Norway has become the first nation to prohibit deforestation. It was in 2016, that the Norwegian parliament first vowed to revise the government’s public procurement policy whereby any product that leads to deforestation will not be used in the country.
The pledge was recommended by Norwegian Parliament’s Standing Committee on Energy and Environment as part of the Action Plan on Nature Diversity.
“This is an important victory in the fight to protect the rainforest,” Nils Hermann Ranum, head of policy and campaign at Rainforest Foundation Norway said in a statement.
“Over the last few years, a number of companies have committed to cease the procurement of goods that can be linked to destruction of the rainforest. Until now, this has not been matched by similar commitments from governments. Thus, it is highly positive that the Norwegian state is now following suit and making the same demands when it comes to public procurements.”
Ranum added “Other countries should follow Norway’s leadership, and adopt similar zero deforestation commitments. In particular, Germany and the U.K must act, following their joint statement at the U.N Climate Summit.”
Norway has been funding several projects around the globe to protect the rain forest.
The country granted $250 million to protect Guyana’s forest over a four year period from 2011 to 2015. In 2015, Norway gave $1 billion to Brazil for completing a 2008 deforestation agreement.
Norway also partnered with Liberia by promising to pay $150 million until 2020 for the country to stop deforestation.

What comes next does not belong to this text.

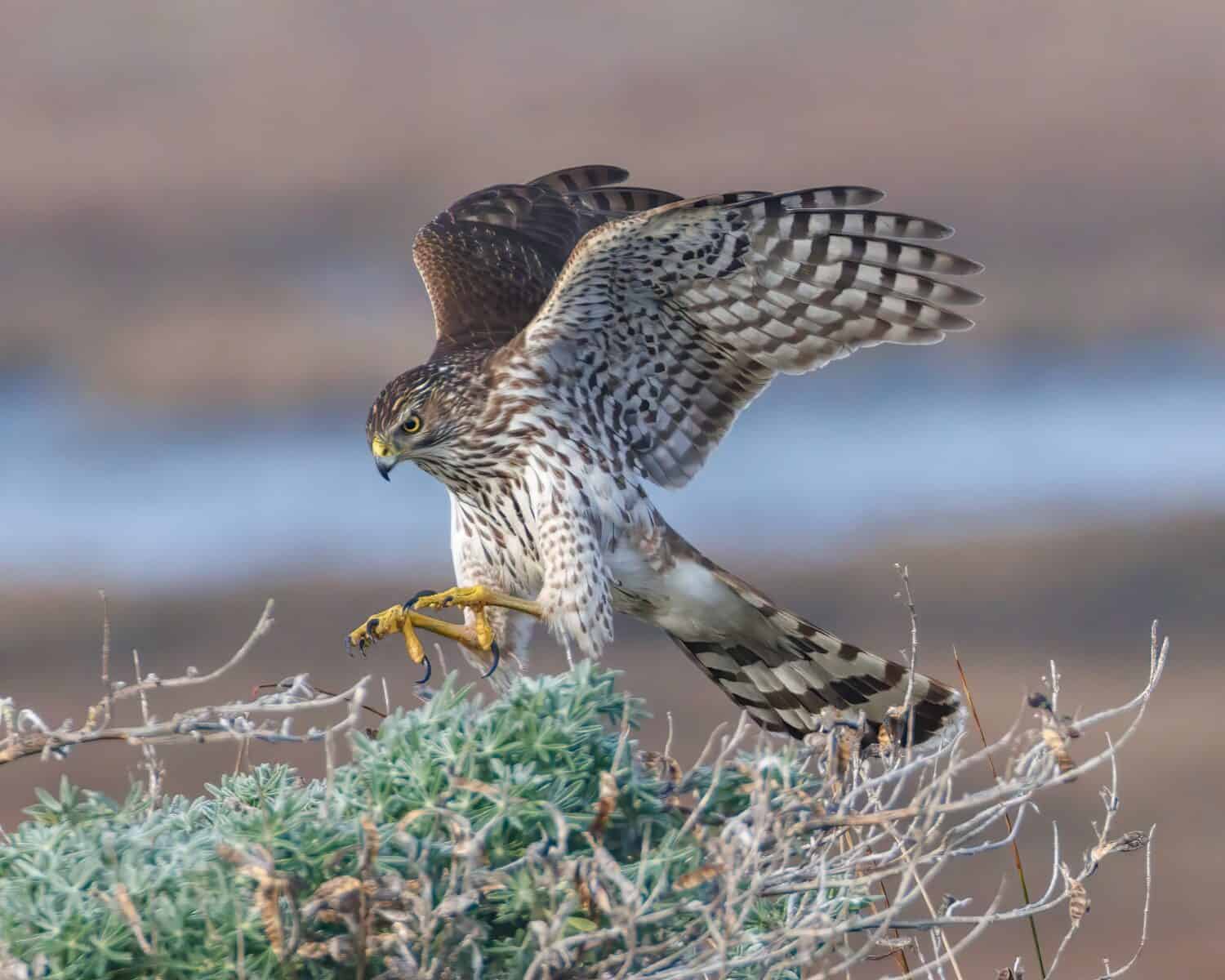 Il falco di un bottaio in azione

According to the United Nations, the production of palm oil, soy, beef and lumber products contributed to almost half of the total tropical deforestation.
When forests are cleared and set in flames carbon dioxide is released which is the key contributor the greenhouse gas effect that leads to climate change.
Norway’s current environment minster Ola Elvestuen said ““Norway alone can never stop deforestation. I mean, we are one actor. If we look at the programs we have country by country, I have no problem defending what we are doing and saying that it was the right thing to go into this and try to be in front. No matter how odd that it may have seemed that Norway would try to take this role, back ten years ago.”